Dalla prefazione di Maria Magnani Noya

 

Esistono momenti nei quali un paese, una collettività, un popolo avvertono con sensibilità tutta particolare, maggiore che in altri, la necessità di affondare la propria capacità di ragionamento nelle pieghe più complicate della nostra storia.
Sono i momenti nei quali una società fa i conti con se stessa, scopre tensioni, problematiche sino allora sconosciute o verso le quali si riteneva sufficiente ostentare una sorta di fatalistico ottimismo.
Voglio dire cioè che esistono momenti nei quali una società, sotto il morso della consapevolezza di una crisi profonda, trova tutta la forza per tentare un’opera di rigenerazione dei valori e soprattutto un’opera di abbattimento di vecchi e logori tabù.
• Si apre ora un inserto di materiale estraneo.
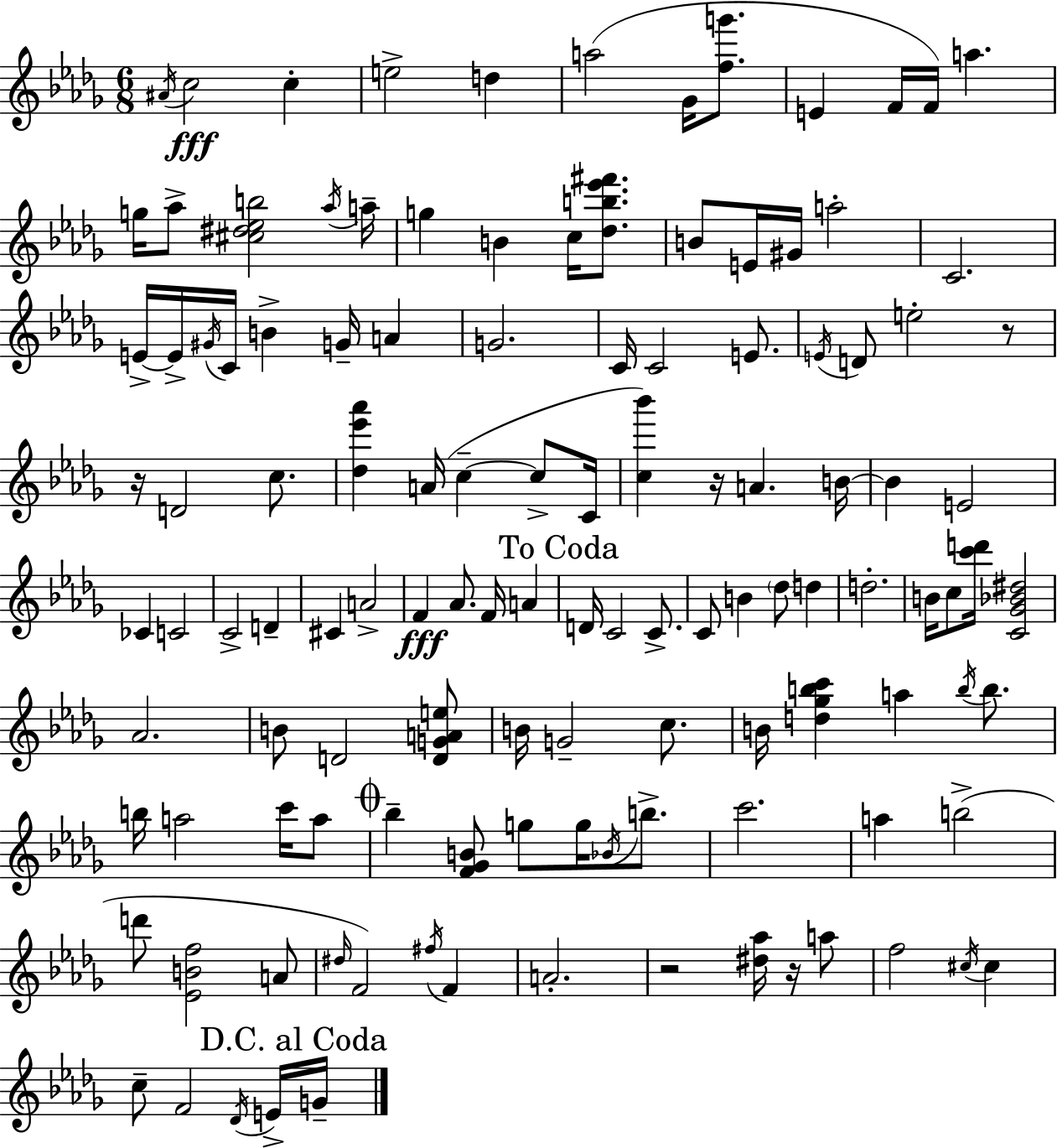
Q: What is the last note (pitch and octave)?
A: G4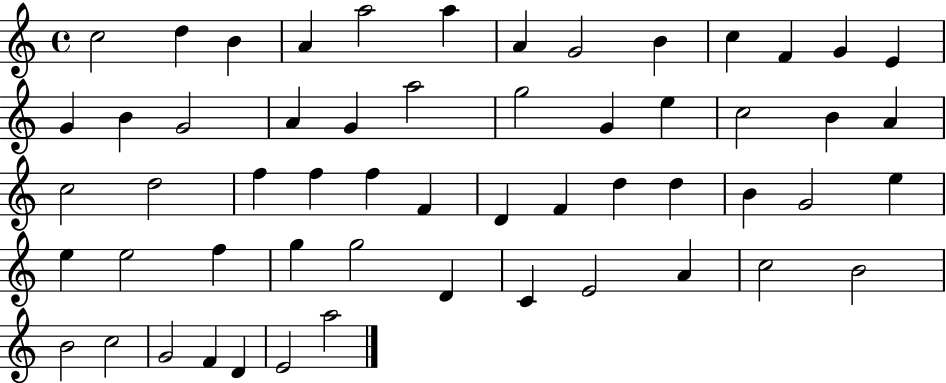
C5/h D5/q B4/q A4/q A5/h A5/q A4/q G4/h B4/q C5/q F4/q G4/q E4/q G4/q B4/q G4/h A4/q G4/q A5/h G5/h G4/q E5/q C5/h B4/q A4/q C5/h D5/h F5/q F5/q F5/q F4/q D4/q F4/q D5/q D5/q B4/q G4/h E5/q E5/q E5/h F5/q G5/q G5/h D4/q C4/q E4/h A4/q C5/h B4/h B4/h C5/h G4/h F4/q D4/q E4/h A5/h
E’ la stagione della verità, nella quale la verità non fa più paura. In questo senso il libro di Maricla Boggio è attuale non solo perché illumina una realtà, quella delle “ragazze madri” verso la quale più volte nel nostro paese si è guardato con un atteggiamento ambiguo, a cavallo tra i paternalismo e la rassegnazione, quanto perché la sua pubblicazione si colloca in un momento tutto particolare della vita del paese, in una stagione che vede un grande impegno non solo sul fronte delle libertà civili, ma soprattutto una grande mobilitazione perché queste libertà non solo siano conquistate ma costituiscano il filo conduttore al quale ispirare i giudizi sui grandi problemi, sulle grandi “piaghe” dell’Italia degli anni ’70. Direi quindi che voler ridurre il libro della Boggio a una sorta di carrellata su un pezzo dell’Italia emarginata sarebbe profondamente ingiusto.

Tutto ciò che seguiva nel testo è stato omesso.